*WHAT THE TASK REQUIRES:*
Could the listing be repeated exactly, with every picture dropped?

*MATERIAL PROVIDED:*
⟨
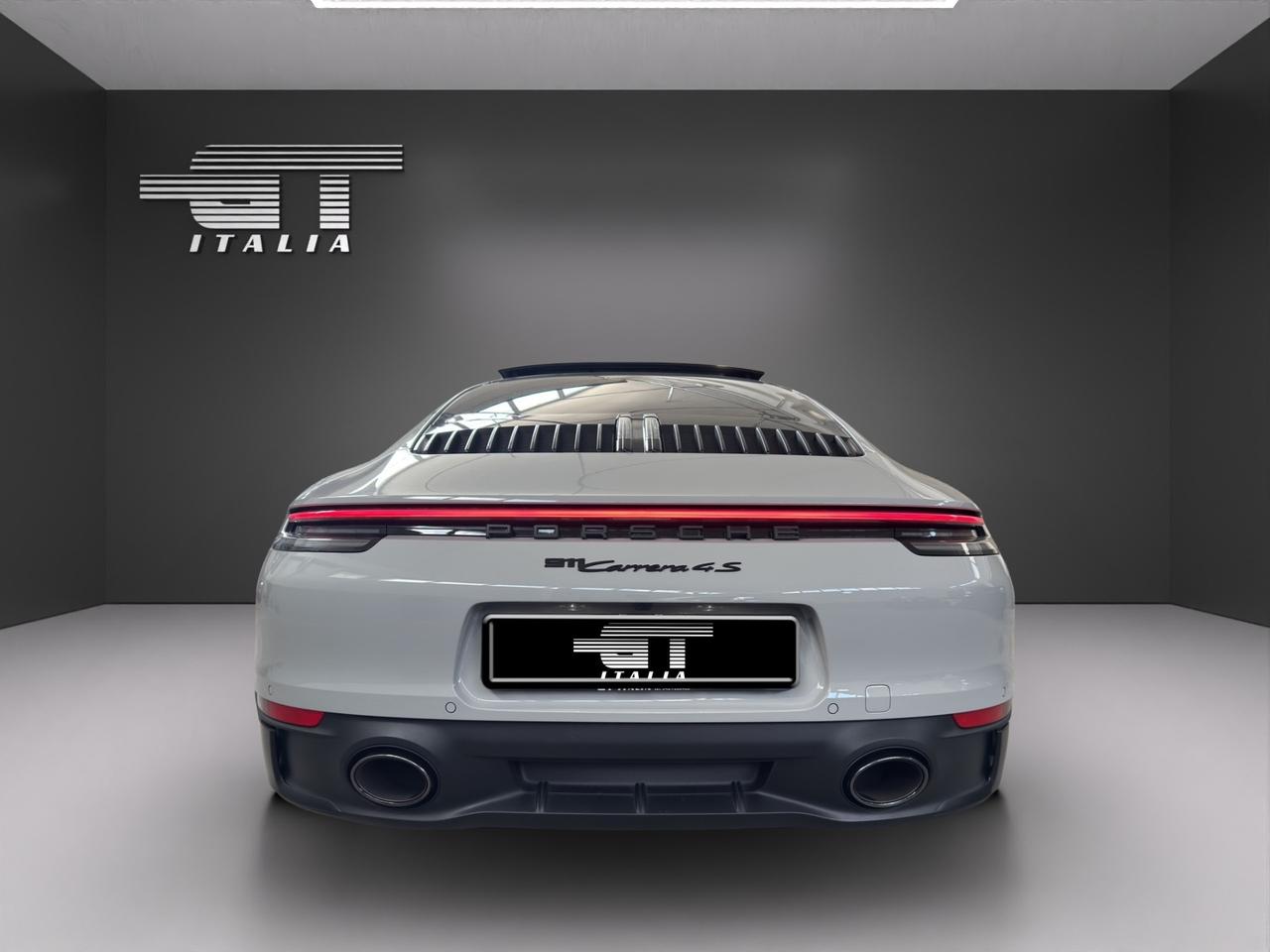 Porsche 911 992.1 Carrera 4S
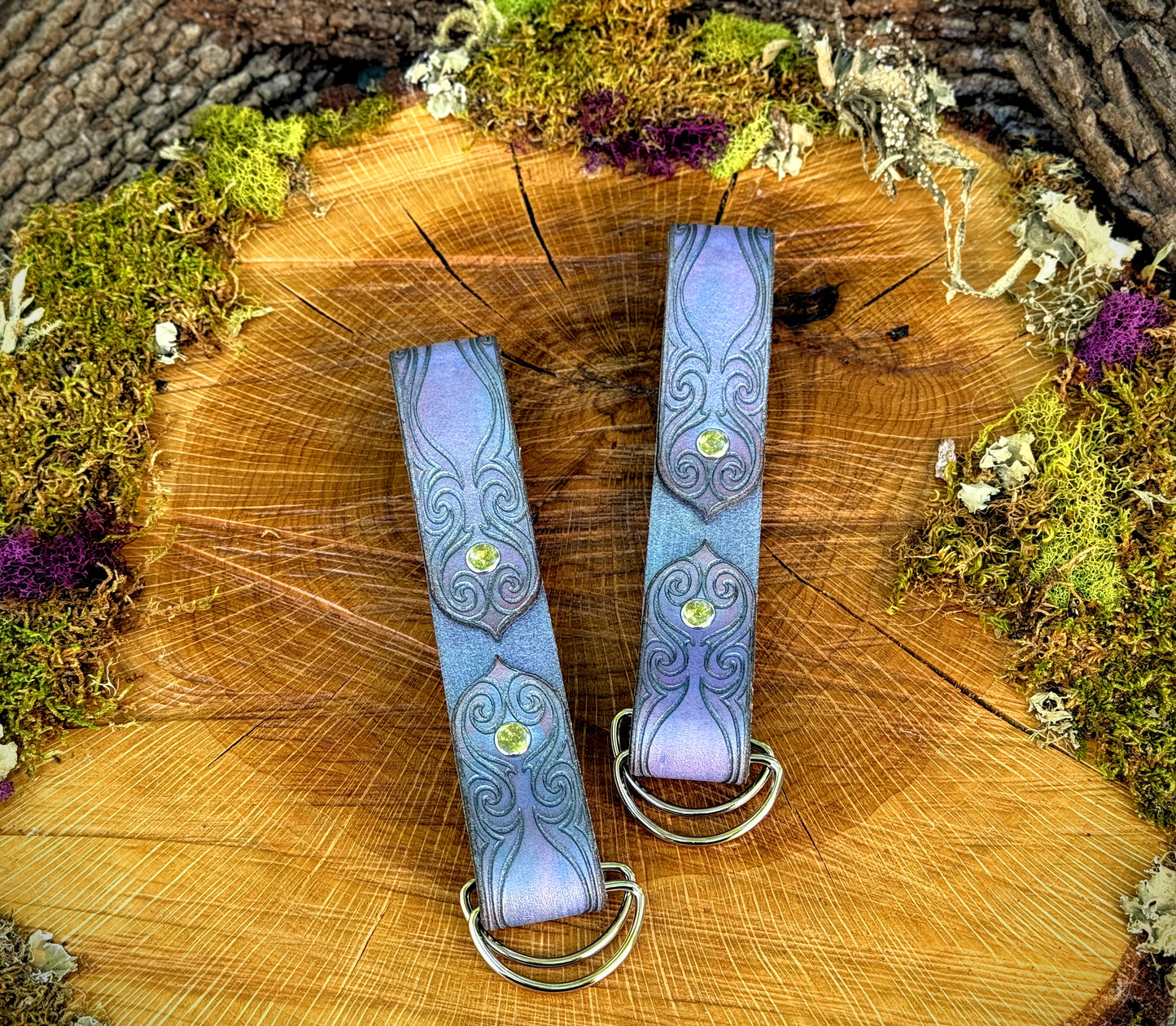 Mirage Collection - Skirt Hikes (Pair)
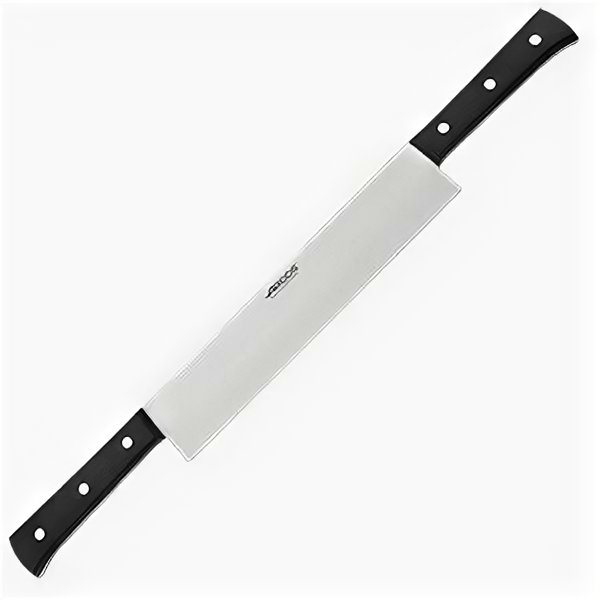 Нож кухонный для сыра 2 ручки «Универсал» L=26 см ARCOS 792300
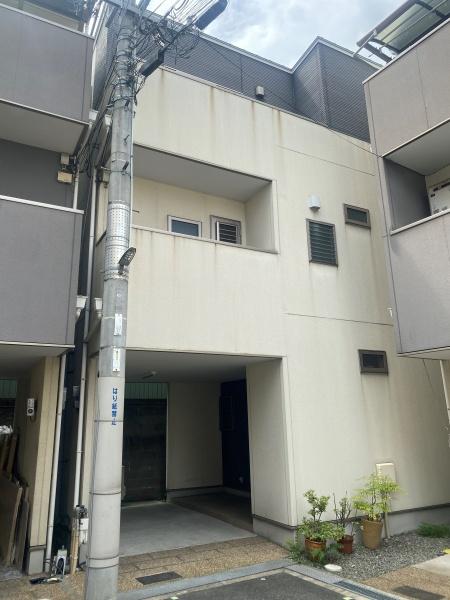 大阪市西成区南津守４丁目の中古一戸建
⟩
*ANSWER TO THE PROBLEM:*
 Porsche 911 992.1 Carrera 4S
 Mirage Collection - Skirt Hikes (Pair)
 Нож кухонный для сыра 2 ручки «Универсал» L=26 см ARCOS 792300
 大阪市西成区南津守４丁目の中古一戸建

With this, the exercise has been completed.